__DATA FOR ANALYSIS__.
···

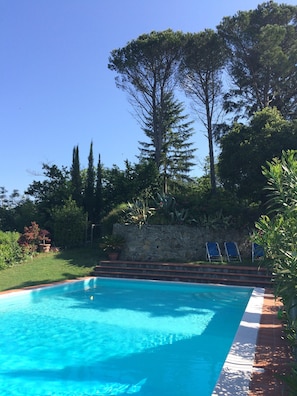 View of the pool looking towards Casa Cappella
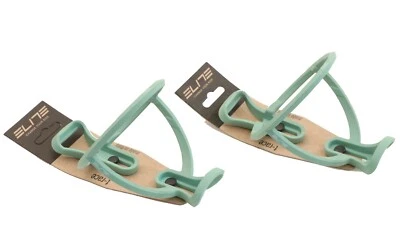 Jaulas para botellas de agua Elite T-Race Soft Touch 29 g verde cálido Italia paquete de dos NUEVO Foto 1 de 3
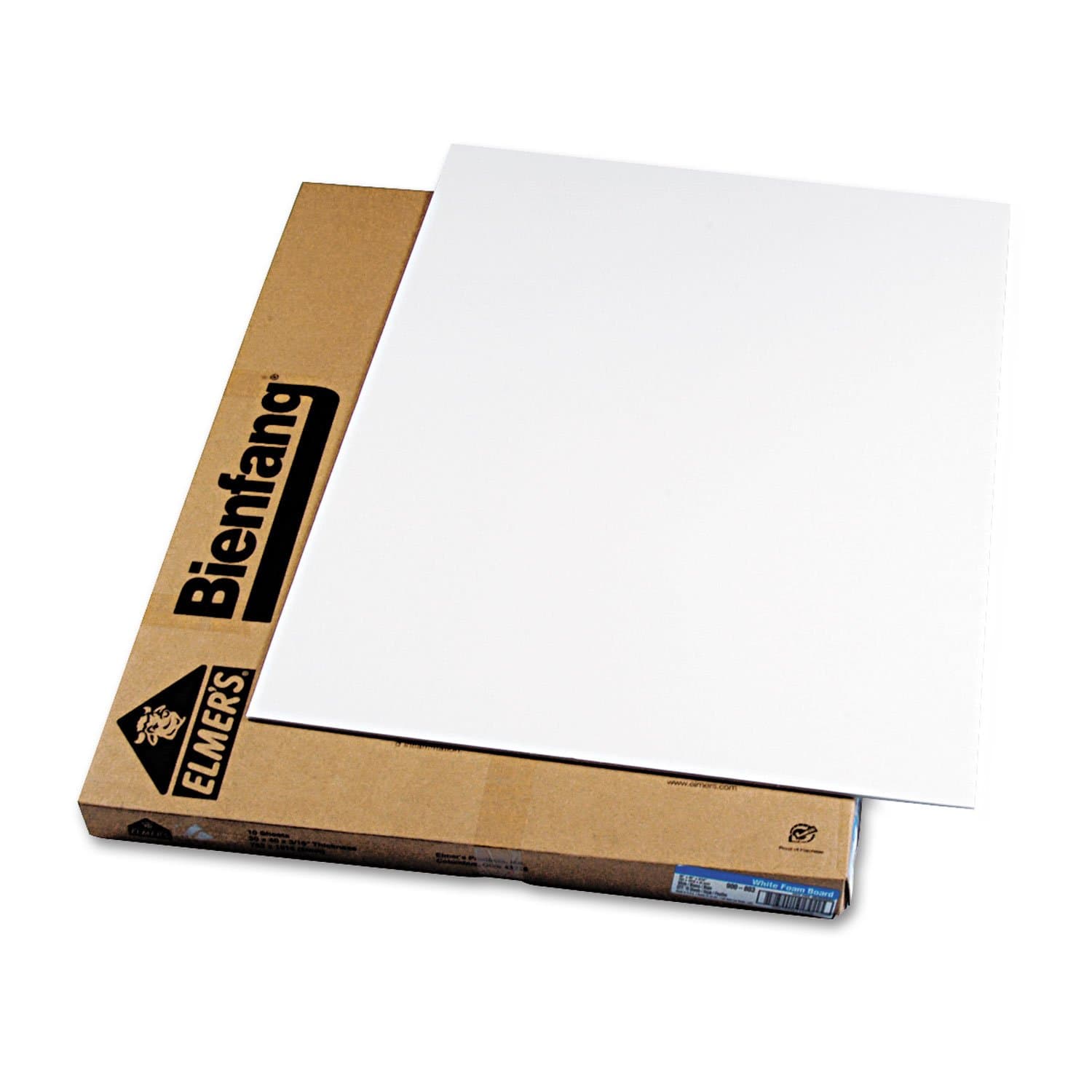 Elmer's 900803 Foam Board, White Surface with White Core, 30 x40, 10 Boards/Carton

···

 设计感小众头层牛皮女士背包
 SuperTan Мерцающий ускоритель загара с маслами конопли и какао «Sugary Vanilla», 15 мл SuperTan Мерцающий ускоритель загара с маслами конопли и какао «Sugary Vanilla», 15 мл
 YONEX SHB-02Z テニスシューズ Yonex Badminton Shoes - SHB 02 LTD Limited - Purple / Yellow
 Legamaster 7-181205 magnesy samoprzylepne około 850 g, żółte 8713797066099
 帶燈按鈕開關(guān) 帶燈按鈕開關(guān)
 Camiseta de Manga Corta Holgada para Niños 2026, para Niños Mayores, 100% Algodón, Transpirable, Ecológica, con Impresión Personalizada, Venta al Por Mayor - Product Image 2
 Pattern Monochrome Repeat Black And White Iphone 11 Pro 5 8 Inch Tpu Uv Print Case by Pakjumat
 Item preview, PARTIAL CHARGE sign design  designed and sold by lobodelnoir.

···

__WORK TO BE COMPLETED__. Output the lines of the records above exactly as they appear, from the line containing "Legamaster 7-181205 magnesy" through the line containing "Item preview, PARTIAL".

__THE ANSWER__.
 Legamaster 7-181205 magnesy samoprzylepne około 850 g, żółte 8713797066099
 帶燈按鈕開關(guān) 帶燈按鈕開關(guān)
 Camiseta de Manga Corta Holgada para Niños 2026, para Niños Mayores, 100% Algodón, Transpirable, Ecológica, con Impresión Personalizada, Venta al Por Mayor - Product Image 2
 Pattern Monochrome Repeat Black And White Iphone 11 Pro 5 8 Inch Tpu Uv Print Case by Pakjumat
 Item preview, PARTIAL CHARGE sign design  designed and sold by lobodelnoir.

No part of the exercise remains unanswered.